|
|
|
Introduction
Syntax specified structure. Semantics is "meaning".
How can meaning be specified?
-
Lanugage reference manual
-
Defining translator
-
Formal definition - category theory, etc.
Binding Names
There are many names in a typical program.
There are names for variables, types, procedures and functions, classes,
constants, libraries, monitors, etc.
Names are for humans readers of programs, good names help understanding,
bad names hinder it.
Can you guess what the following function does?
int factorial(int x, int sum) {
return x + sum * previous;
}
How about if we use different names?
int next_height(int height, int velocity) {
return height + velocity * DT;
}
Some languages impose lexical restrictions on names.
-
C - A name must start with a letter
-
Fortran 77 - Names must be six characters or less
-
C89 - Names cannot be more than 31 characters
-
C - A name cannot have an embedded space. The following
is not a name.
foo bar
In Fortran the space would be removed yielding just foobar.
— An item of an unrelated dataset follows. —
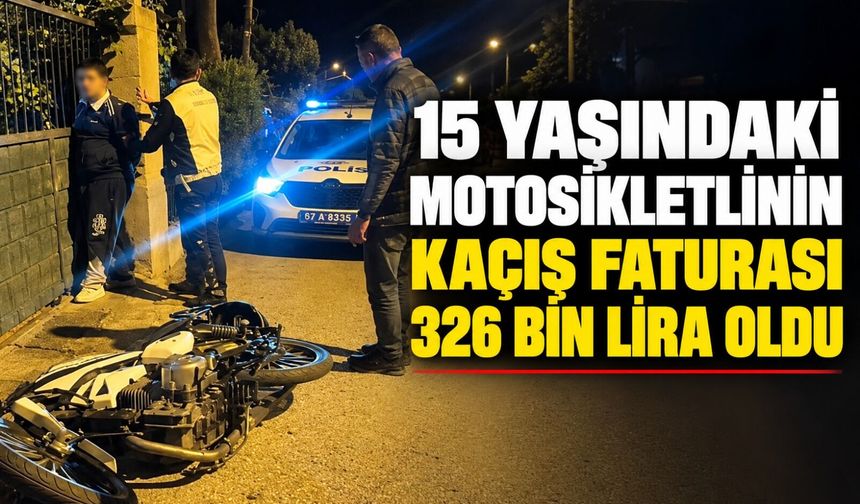 15 yaşındaki motosikletlinin kaçış faturası 326 bin lira oldu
In C it used to be common to add an underscore,
foo_bar
but now it is more conventional to use capitalization.
fooBar
-
C++ - Case matters, so fooBar and FooBar would be different names.
-
C - Alphanumeric characters (and underscore) only in a
name, e.g., foo,Bar is not one name. The reason for this restriction
is that, in languages that are whitespace-free, the lexical analyzer
would have a difficult time determining where a name ends.
-
C - Name cannot be a reserved word, so we couldn't have a
variable named 'if'. A special case of
a reserved word is a keyword. Keywords have context-sensitive
meanings, and names can be a keyword when used in a different
context. For example in Fortran we could define the following variable,
named
Integer to be of type Real.
Real Integer;
Attributes
A name has (potentially) several attributes depending on what
kind of thing is this name? Function, type, variable.
Variable
-
Address - Location in memory of the value of the variable. Sometimes
referred to as the l-value (the value used in the left-hand side
of an assignment).
-
Type - The type specifies the interpretation of bits at the storage
location and a set of possible operations permitted for that type.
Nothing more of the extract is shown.